You’ve had breast-reduction surgery
If you’ve undergone a breast reduction, your milk supply might be compromised, says Brodman. “Breast-reduction surgery may prevent good milk supply and may make it impossible to nurse effectively. Women are encouraged to try. If milk supply is not good, then they can stop,” she says. Note that breast implants likely won’t cause the same problems. “Breast implants usually do not prevent nursing, especially if they are placed behind the chest muscles, but on occasion, any type of prior breast surgery may impede milk supply,” she says.
And if you’ve had breast infections, like mastitis, you might also want to forgo breastfeeding, says Natalie Telyatnikov, a certified postpartum-support specialist and physician and the founder of?Better Postpartum.
“Clogged ducts and resulting infections, like mastitis, may also cause some women to choose to forgo continued breastfeeding — although in this case, the best thing to resolve clogged ducts is to continue to move the milk, which?can?be facilitated using a breast pump,” she says.
You have an STD
Unfortunately, it is possible to transmit the infection to your baby through breastfeeding, so it’s advised not to breastfeed if you have HIV — and to be very cautious if you have herpes, says Dr. Jennifer Landa, a gynecologist and chief medical officer at BodyLogicMD.

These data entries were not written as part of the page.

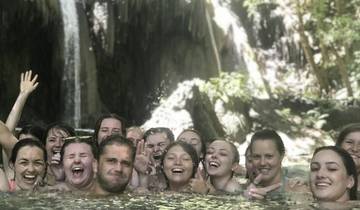 Group of people in a water pool with a waterfall in the background.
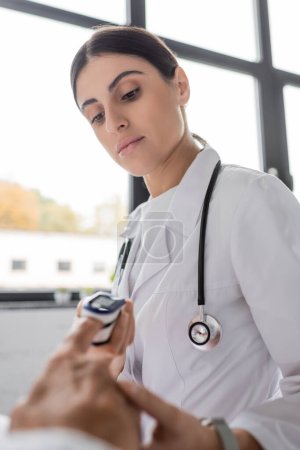 Téléchargez les photos : Doctor looking at pulse oximeter on finger of senior patient in hospital ward - en image libre de droit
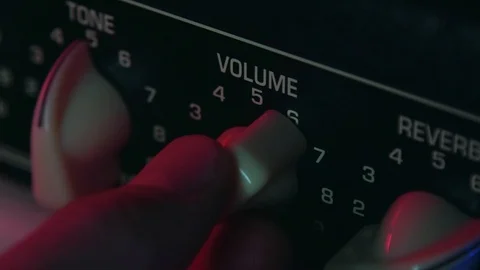 Close up of Hand Turning Volume Button up of Amplifier Stock Footage 123858195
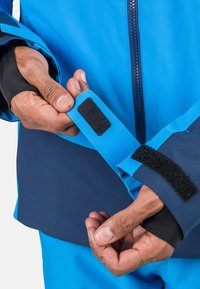 Blau wasserdichte Jacke mit einem Reißverschluss vorne und verstellbaren Manschetten mit Klettverschluss, kombiniert mit einem dunkelblauen unteren Abschnitt.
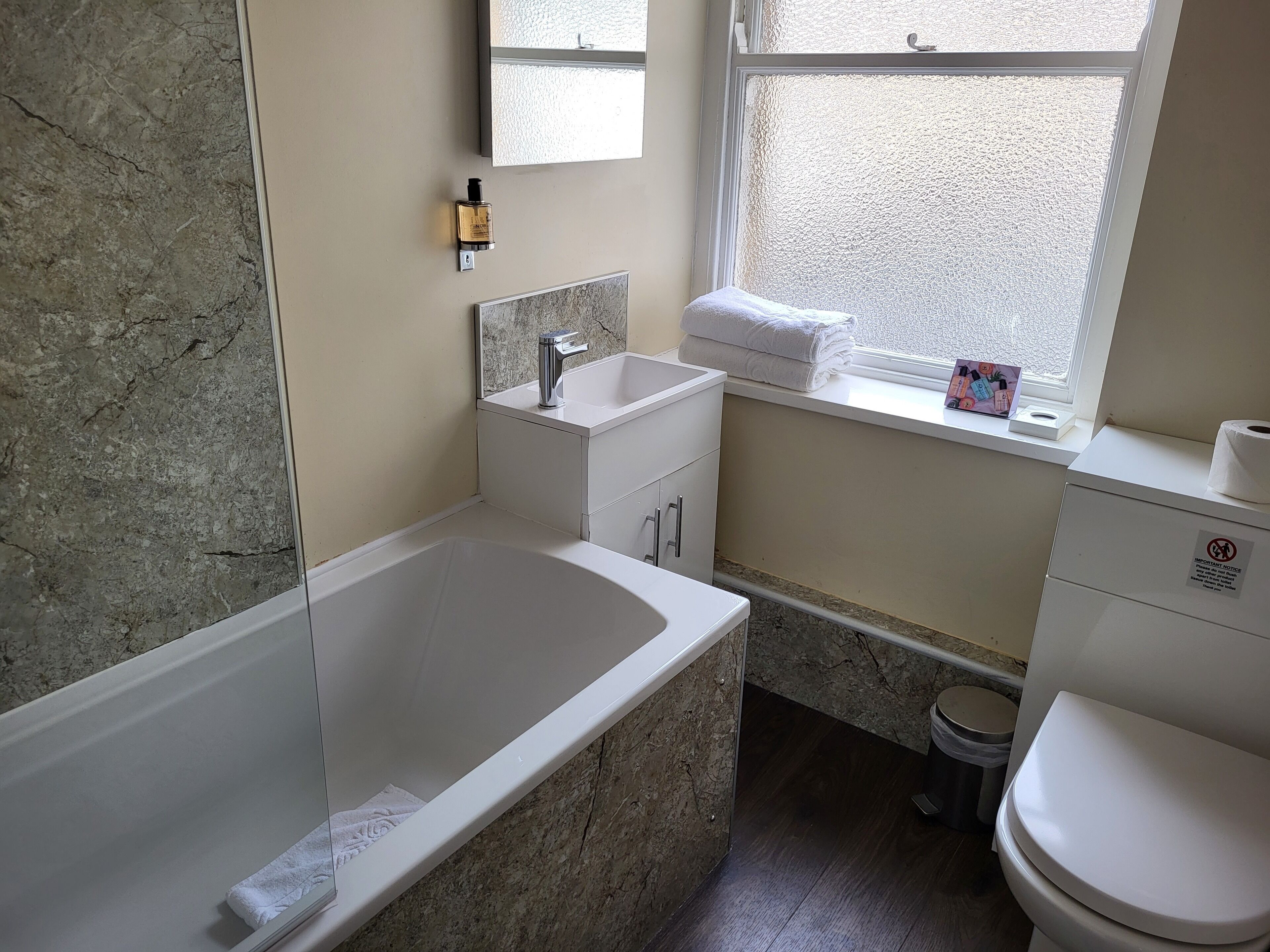 A bathroom with a bathtub, sink, and toilet.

Women with present herpes lesions can transmit herpes to their baby, which is dangerous for infants, she says. “If a mom has herpes on her breast, she should avoid breastfeeding and consider pumping and dumping instead, which will keep her milk supply available until her herpes lesions resolve,” she adds. However, you can breastfeed if there are no active lesions on the breasts.
But HIV is a different story. It is not safe for HIV-positive mothers to breastfeed due to the concern about transmission to the infant regardless of the levels of the virus in the blood and the use of medications to keep it more dormant, Landa says. Unfortunately, there’s no getting around this one.
You just don’t want to
“A mother’s mental and emotional well-being comes first. So if breastfeeding is too taxing or stressful and is making mom unhappy or unhealthy, that mother should feel supported in her choice to not breastfeed,” says Telyatnikov.

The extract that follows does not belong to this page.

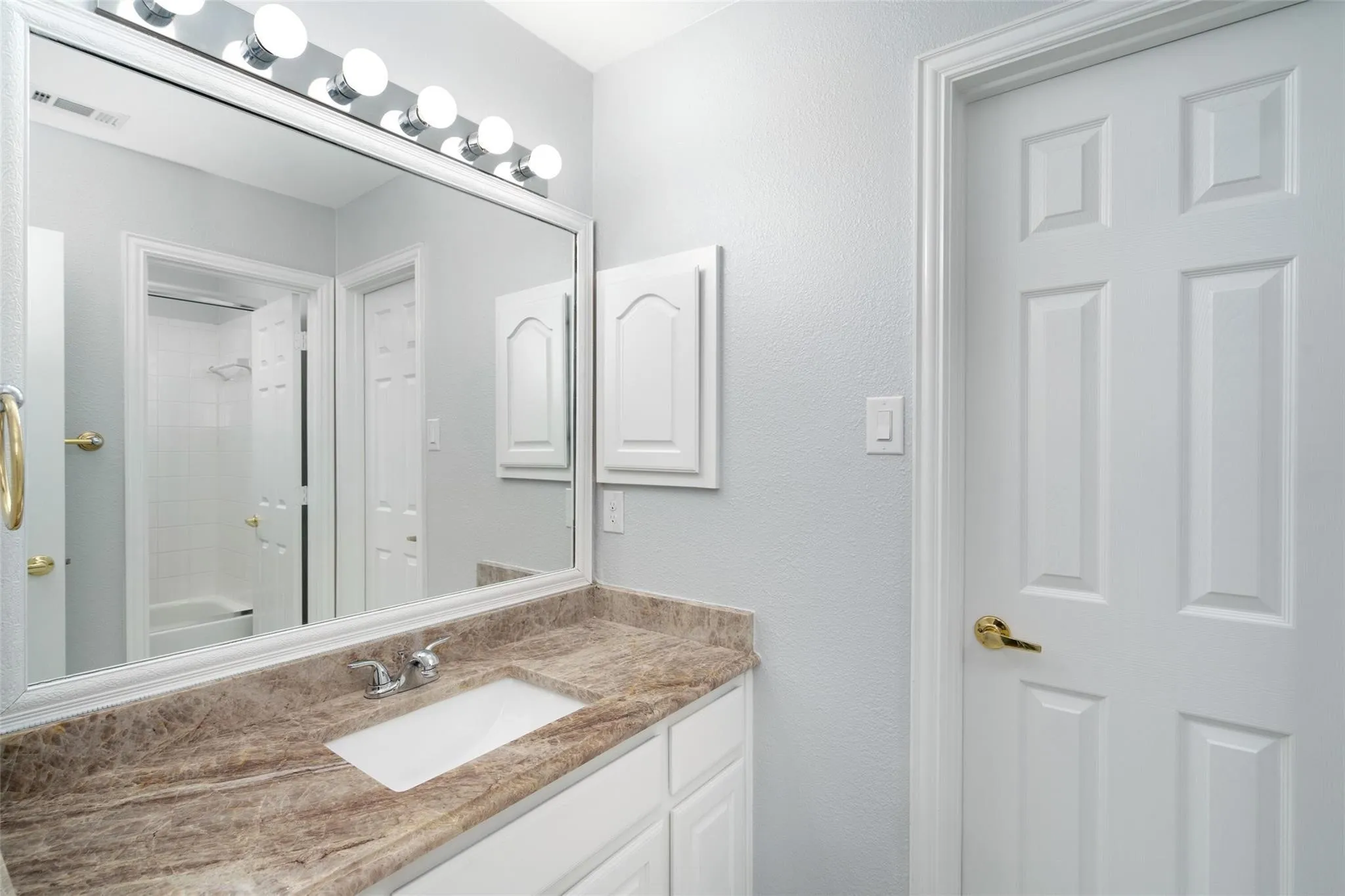 Vanity with a tan patterned countertop and an integrated white sink, complemented by white cabinetry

In fact, Jen Schwartz, postpartum depression survivor and founder of Motherhood-Understood, understands how difficult it can be on the mother mentally after giving birth.
“I wanted to and attempted to breastfeed, but by the second day home from the hospital I was hit smack in the face by postpartum depression and anxiety. I couldn’t breastfeed and take the medications I needed to help me feel better, and I also needed others to be able to give my baby a bottle so I could rest,” she tells SheKnows.
“I chose to take care of my mental health so I could eventually be well and present to take care of my son instead of breastfeeding,” she explains.
This makes sense, as breastfeeding can worsen symptoms of those who have depression. “Some women with depression have worsening of depression due to lowered estrogen levels that occur with nursing,” Brodman explains.
A psychiatrist can help if depression due to low estrogen is a concern or if there are medications being taken for depression that are Category D or X, both of which shouldn’t be taken while breastfeeding, as they can harm the baby, explains Brodman.